[Saved data entries]

[Start of section]

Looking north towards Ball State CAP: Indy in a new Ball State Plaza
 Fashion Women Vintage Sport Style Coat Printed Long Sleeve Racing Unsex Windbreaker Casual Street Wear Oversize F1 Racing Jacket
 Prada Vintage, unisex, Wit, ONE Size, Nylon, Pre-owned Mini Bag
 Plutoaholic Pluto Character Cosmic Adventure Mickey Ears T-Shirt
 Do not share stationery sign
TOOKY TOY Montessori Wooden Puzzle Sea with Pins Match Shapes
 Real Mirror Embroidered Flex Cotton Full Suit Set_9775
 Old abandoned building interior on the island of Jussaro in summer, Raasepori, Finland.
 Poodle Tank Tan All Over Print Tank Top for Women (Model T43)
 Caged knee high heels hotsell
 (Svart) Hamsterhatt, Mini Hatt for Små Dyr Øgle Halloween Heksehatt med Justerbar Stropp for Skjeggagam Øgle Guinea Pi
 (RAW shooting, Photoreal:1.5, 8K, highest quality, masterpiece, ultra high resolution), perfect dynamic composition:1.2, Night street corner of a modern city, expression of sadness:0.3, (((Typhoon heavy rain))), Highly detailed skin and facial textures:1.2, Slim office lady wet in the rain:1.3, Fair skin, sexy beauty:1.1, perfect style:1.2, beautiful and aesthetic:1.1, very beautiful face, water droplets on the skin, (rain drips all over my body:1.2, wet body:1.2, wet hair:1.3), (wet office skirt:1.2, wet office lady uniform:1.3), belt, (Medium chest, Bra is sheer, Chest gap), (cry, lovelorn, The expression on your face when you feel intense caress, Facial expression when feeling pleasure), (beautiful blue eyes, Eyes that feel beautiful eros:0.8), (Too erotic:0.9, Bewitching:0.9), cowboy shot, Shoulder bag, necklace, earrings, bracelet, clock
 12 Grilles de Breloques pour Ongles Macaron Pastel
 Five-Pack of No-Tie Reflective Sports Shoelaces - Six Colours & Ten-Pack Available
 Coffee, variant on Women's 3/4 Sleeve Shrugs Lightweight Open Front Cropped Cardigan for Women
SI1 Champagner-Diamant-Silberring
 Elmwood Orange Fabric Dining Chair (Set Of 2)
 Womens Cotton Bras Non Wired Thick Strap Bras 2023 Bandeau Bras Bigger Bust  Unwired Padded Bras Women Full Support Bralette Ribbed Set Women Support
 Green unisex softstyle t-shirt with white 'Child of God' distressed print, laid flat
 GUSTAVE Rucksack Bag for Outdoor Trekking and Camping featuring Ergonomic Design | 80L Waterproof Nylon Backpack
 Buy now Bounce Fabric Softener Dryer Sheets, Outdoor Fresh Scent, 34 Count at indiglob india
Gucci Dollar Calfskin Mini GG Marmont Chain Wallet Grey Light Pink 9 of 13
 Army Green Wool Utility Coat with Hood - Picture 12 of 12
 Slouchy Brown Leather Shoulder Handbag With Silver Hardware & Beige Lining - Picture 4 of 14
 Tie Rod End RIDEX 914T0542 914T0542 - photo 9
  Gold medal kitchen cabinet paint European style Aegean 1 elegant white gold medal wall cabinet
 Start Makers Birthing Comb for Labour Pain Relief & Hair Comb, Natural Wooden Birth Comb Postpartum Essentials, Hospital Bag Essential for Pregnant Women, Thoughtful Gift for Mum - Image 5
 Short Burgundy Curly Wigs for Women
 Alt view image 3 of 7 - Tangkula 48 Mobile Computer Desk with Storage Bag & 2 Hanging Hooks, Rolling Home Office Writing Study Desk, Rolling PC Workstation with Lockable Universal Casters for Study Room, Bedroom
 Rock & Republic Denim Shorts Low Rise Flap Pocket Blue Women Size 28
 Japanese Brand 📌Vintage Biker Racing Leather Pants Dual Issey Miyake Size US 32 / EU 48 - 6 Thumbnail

[End of section]

▶ [Exercise directions]:
Keep only the lines from the line with "Slouchy Brown Leather" to the end of the records above, and repeat them exactly.

▶ [Response box]:
 Slouchy Brown Leather Shoulder Handbag With Silver Hardware & Beige Lining - Picture 4 of 14
 Tie Rod End RIDEX 914T0542 914T0542 - photo 9
  Gold medal kitchen cabinet paint European style Aegean 1 elegant white gold medal wall cabinet
 Start Makers Birthing Comb for Labour Pain Relief & Hair Comb, Natural Wooden Birth Comb Postpartum Essentials, Hospital Bag Essential for Pregnant Women, Thoughtful Gift for Mum - Image 5
 Short Burgundy Curly Wigs for Women
 Alt view image 3 of 7 - Tangkula 48 Mobile Computer Desk with Storage Bag & 2 Hanging Hooks, Rolling Home Office Writing Study Desk, Rolling PC Workstation with Lockable Universal Casters for Study Room, Bedroom
 Rock & Republic Denim Shorts Low Rise Flap Pocket Blue Women Size 28
 Japanese Brand 📌Vintage Biker Racing Leather Pants Dual Issey Miyake Size US 32 / EU 48 - 6 Thumbnail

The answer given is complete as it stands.